Aquilo é produto, é um retrato de um grupo minoritário,
com problemas, querendo estabelecer essa identidade de que a gente
está falando, então isso é produto exótico,
interessante. Produtores americanos, japoneses, tiram esse grupo
daqui, levam para o Central Park, em Nova York, para grandes gravadoras.
No momento em que isso acontece, o relacionamento desse grupo de
músicos com a comunidade que o produziu se altera completamente.
Então, ao invés de haver tantos músicos participando
da banda, essa foi reduzida de tamanho, e os ensaios, de que as
pessoas participavam livremente, começaram a ser cobrados,
os instrumentos começaram a mudar, essa coisa toda. Conseqüentemente,
essa comunidade tem que negociar esse significado para poder manter
aquilo que é seu, a sua identidade. Isso ocorre o tempo todo,
culturas musicais relativamente isoladas são atingidas por
influências urbanas ou pela indústria do disco ou do
que for. Ou seja, elas começam a se alterar totalmente. A
conseqüência da perda de identidade é um desastre.
E, no momento
atual, como fica a identidade cultural em Salvador, por exemplo?
Não
fica. Salvador está posta à venda. Eu não posso
nem falar disso, porque fui do Conselho Estadual de Cultura durante
bastante tempo e fiz uma ou duas críticas, que me parecem
sensatas, aos mecanismo de captação e aplicação
de recursos, não preocupado com as coisas que estão
sendo feitas, que são muitas, mas com as enormes ambições.
Eu me preocupo muito com essas ambições, porque são
fundamentais para essa identidade de que estou falando. O conceito
básico do Faz Cultura é - eu fico até um pouco
embaraçado de dizer isso: "cultura é um conjunto
de bens e serviços de interesse do turismo". Ponto.

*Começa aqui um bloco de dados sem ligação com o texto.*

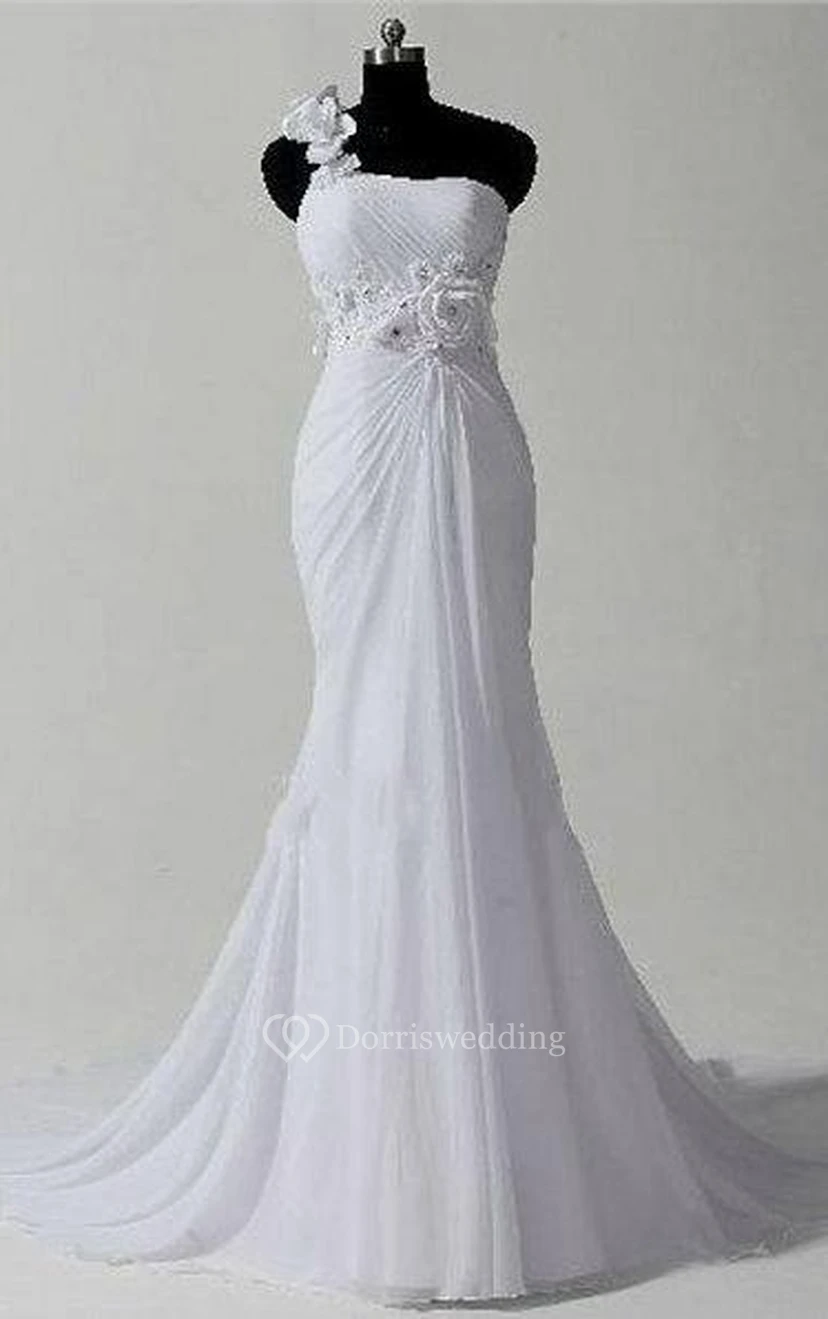 Robe sirène asymétrique sans manches à une épaule, longueur genou, ornée de fleurs et de fermeture éclair, en mousseline de soie.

Indústria cultural da pior natureza, porque isso produz empregos
e gera riqueza, e se descobriu que não sei quantos por cento
do PIB estão envolvidos em atividades culturais, e, por causa
disso, vamos maltratar a população inteira, vamos
prostituir todo mundo, vamos desrespeitar qualquer coisa porque
o resultado é dinheiro, então está certo. Qualquer
outra coisa é inoportuna, é impossível.
Como o senhor entende a questão da heterogeneidade na
cultura baiana? É diferente do Brasil ou de outros contextos,
nesse aspecto?
Eu poderia
falar sobre funções e usos de música, porque
isso também está relacionado com a identidade e responde
a essas mil caras de Salvador. A cultura à qual você
pertence seria o maior condicionador do tipo de música que
você produz. Música produz respostas físicas,
então há um determinado tipo de fazer musical que
está em todas, mas existem aquelas que fazem principalmente
isso. Outra função de música que é muito
citada é a de expressão de emoções.
Tudo bem, por que não? Mas é fundamental também
que você pense que não há música sem
conhecimento. Existe música para refletir. Qualquer grupo
humano tem conceitos daquilo que ele considera boa música.
Em função desses conceitos, estão os comportamentos,
e em função dos comportamentos, finalmente, os produtos,
as músicas. E tudo isso é um sistema dinâmico:
se os produtos não correspondem aos conceitos, ou os conceitos
mudam ou os produtos mudam. Se os comportamentos forem inadequados
aos produtos, então um muda o outro. Tudo isso está
constantemente sendo ajustado por um processo de retroalimentação,
que se poderia chamar informalmente de educação musical.
Essa educação musical não tem que ser formal,
mas está aí o tempo todo e é esse feedback
que compatibiliza o sistema inteiro. Mas o luxo, nesse país
de cartolas, que é o dos músicos, é de que
a emoção seja premiada e a reflexão seja ignorada.
No geral,
ou principalmente na Bahia?
Não,
no geral eu acho que a tendência seria essa. Muito menos,
por exemplo, na Europa e nos Estados Unidos, onde as pessoas são
educadas. É um absurdo o sistema educacional brasileiro ignorar
um dos sentidos fundamentais, que é o da audição.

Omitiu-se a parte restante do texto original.